In questo contesto a Menfi si radicalizzano due posizioni nettamente distinte: La prima del Partito Comunista che occupando le terre chiede l’esproprio e l’assegnazione ai contadini poveri, mezzadri, braccianti. L’altra di”Peppi Urpi” che apre un varco di mediazione nel fronte degli “agrari” i quali sono disposti a vendere le loro proprietà e attraverso mutui ventennali( formazione della  piccola proprietà contadina). In un contesto così” fluido” e ingarbugliato, per la sinistra Peppi Urpi” appariva un” traditore” perché  traduceva il grande movimento per la riforma agraria in una  accomodante vendita da parte de grossi proprietari che venivano ristorati e rifocillati  dal denaro pubblico e da quello privato. La faccenda non è di poco conto perché nella transazione con i proprietari    la assegnazioni di lotti o di quote richiedeva un minimo di anticipo che i contadini poveri non disponevano, mentre i piccoli e medi  proprietari disponevano di risparmi tali da consentire loro di aggiudicarsi diversi lotti. Ai proprietari terrieri non fu strappato neanche un palmo di terra, essi vendettero a prezzo pieno di mercato. Insomma la tesi di Biello è che i proprietari fecero un affare. Di fronte al rischio concreto di una possibile confisca dei loro beni, ne uscirono con le tasche piene. Un esempio interessante è la vicenda del feudo di Belice dei Pignatelli. Un resoconto lo troviamo nel saggio di Vincenzo Lotà” Uomini senza Cappotto” ,  dove l’autore raccoglie la testimonianza della buonanima di Baldassare Li Petri. Qui mentre la Commissione provinciale verificava lo stato di incolto e mal coltivato del feudo per l’esproprio, “Peppi Urpi”concorda con l’amministrazione del feudo la divisione in lotti e la successiva vendita in violazione della legge e in affido a cooperative. Le ragioni addotte sono risibile : l’esproprio avrebbe dato la possibilità ai contadini di Castelvetrano di reclamarne il diritto, per il semplice motivo che il feudo ricadeva nel loro territorio. Non a caso lo stesso “Peppi Urpi” nella sua intervista a Danilo Dolci  nel libro “Spreco”, confessa che i proprietari terrieri nei suoi confronti manifestavano  benevolenza e stima se non ammirazione!.

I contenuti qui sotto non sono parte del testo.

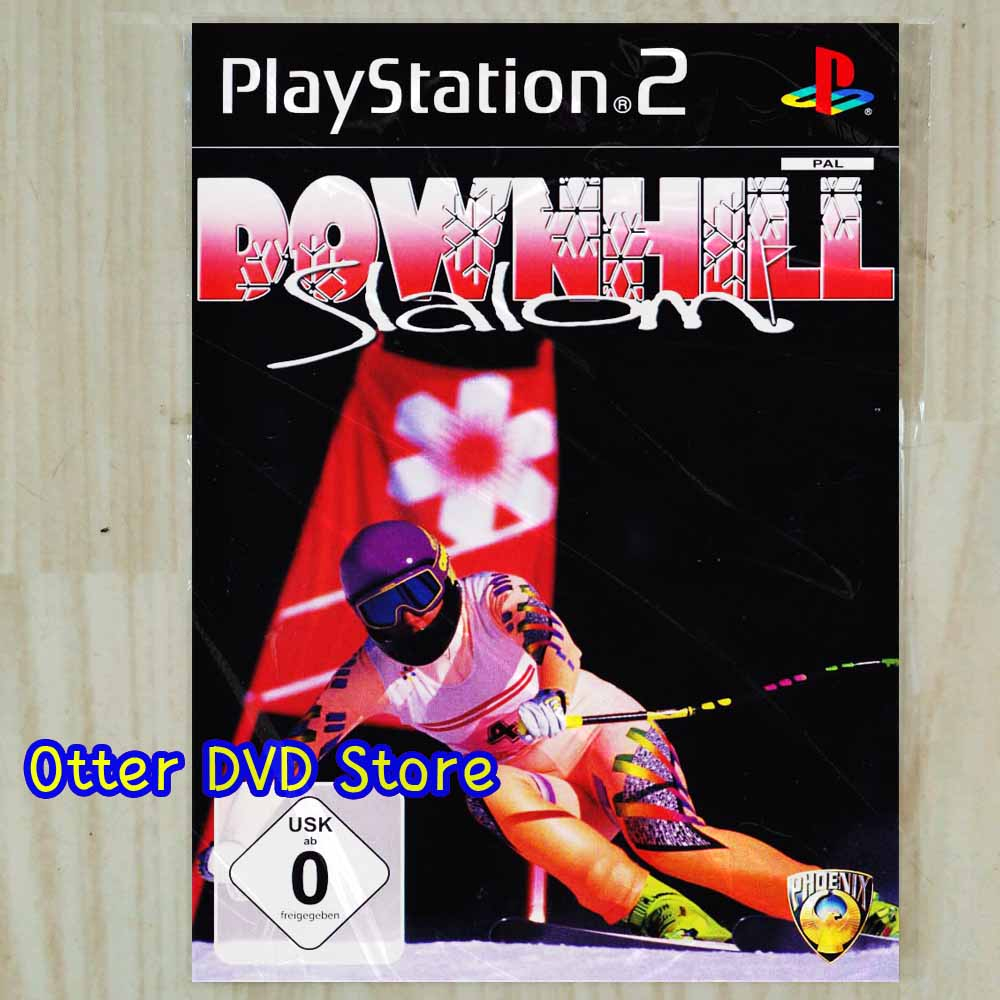 Kaset Game PS 2 PS2 Downhill Slalom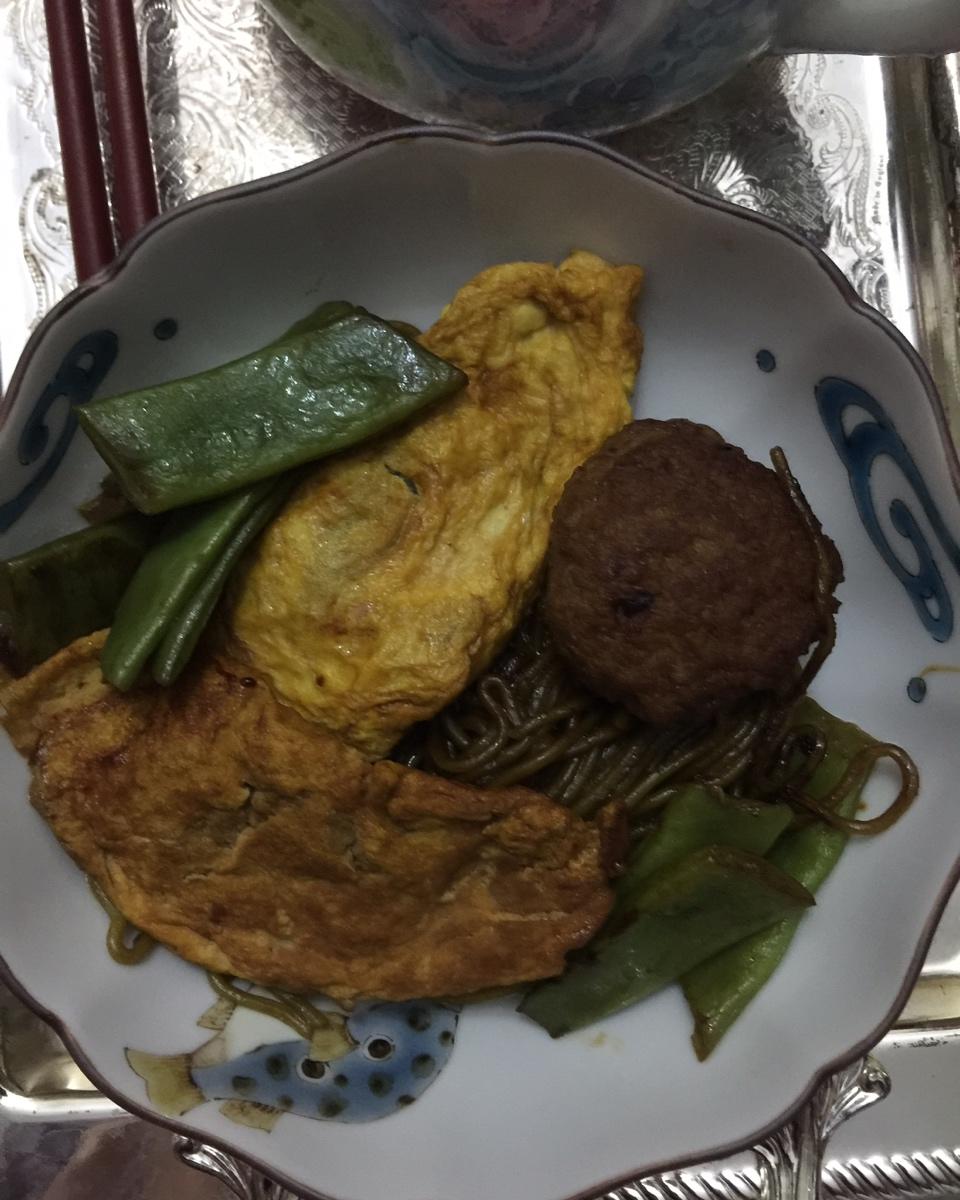 豆角焖面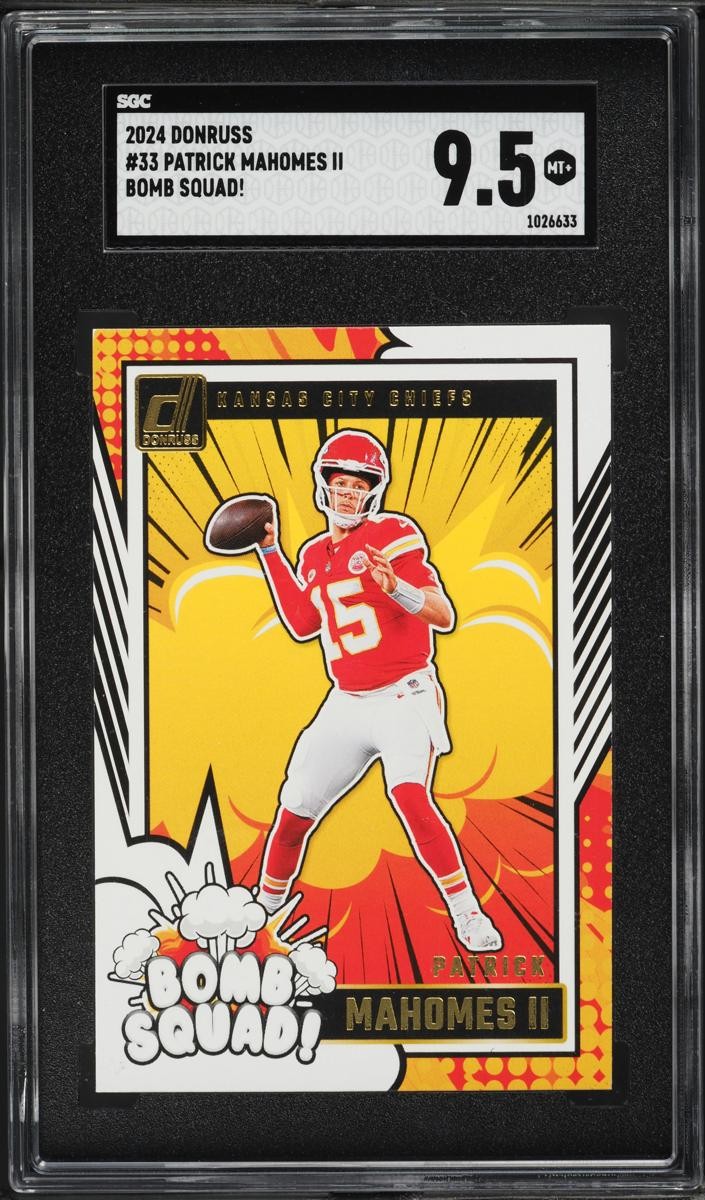 2024 Patrick Mahomes II Panini Donruss Football #33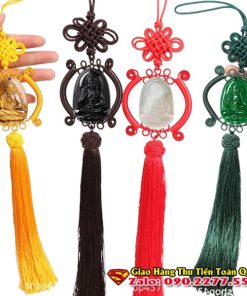 Khánh Treo Xe ô Tô Hợp Tuổi Hợi - Phật Bản Mệnh A Di Đà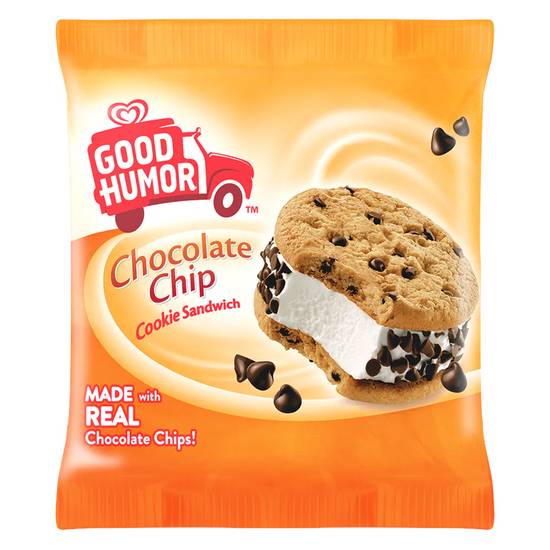 Order Good Humor Cnocolate Chip Sandwitch food online from Exxon Food Mart store, Port Huron on bringmethat.com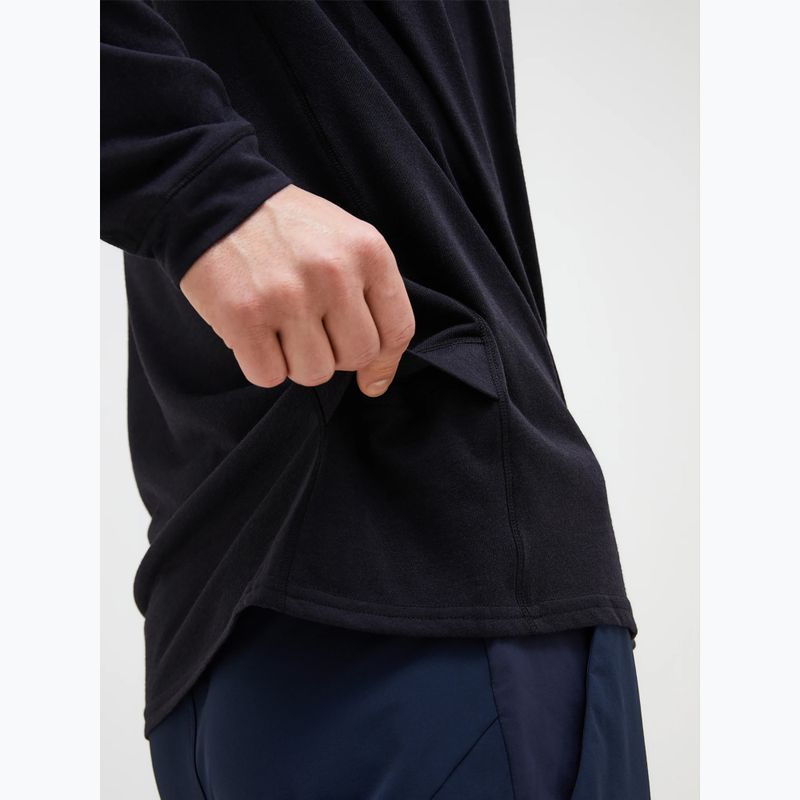 Maglia termica da uomo Peak Performance Spirit Crew black 4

Queste vicende furono occasione  di una amara riflessione sulla strategia del partito comunista nel sud e in particolare in Sicilia La posizione di Bilello si scontra con quella di Li Causi ,capisce che il movimento contadino è espressione di una variegata manifestazione di interessi disparati , spesso difficile contemplarli in un'unica strategia onnicomprensiva . Ci siamo infilati in un “cul di sacco”: esiste una palese contraddizione tra le scelte strategiche del partito a livello nazionale e le spinte radicali offerte dall’occupazione delle terre.Non si capiva bene se “ le cavalcate” verso i feudi  avessero un valore folkoristico tale solo per mostrare i muscoli, o di vera dirompenza sociale e politica. Qui  il vecchio dirigente comunista fa una riflessione teorica marxiana di elevato spessore culturale, e indirettamente risponde a Tarrow:”Ricordati” Pippinè “che le classi proletari , gli operai, e a maggior ragione le masse contadine , hanno “bisogno” della mediazione della borghesia! I salti nella storia non sono ammessi!”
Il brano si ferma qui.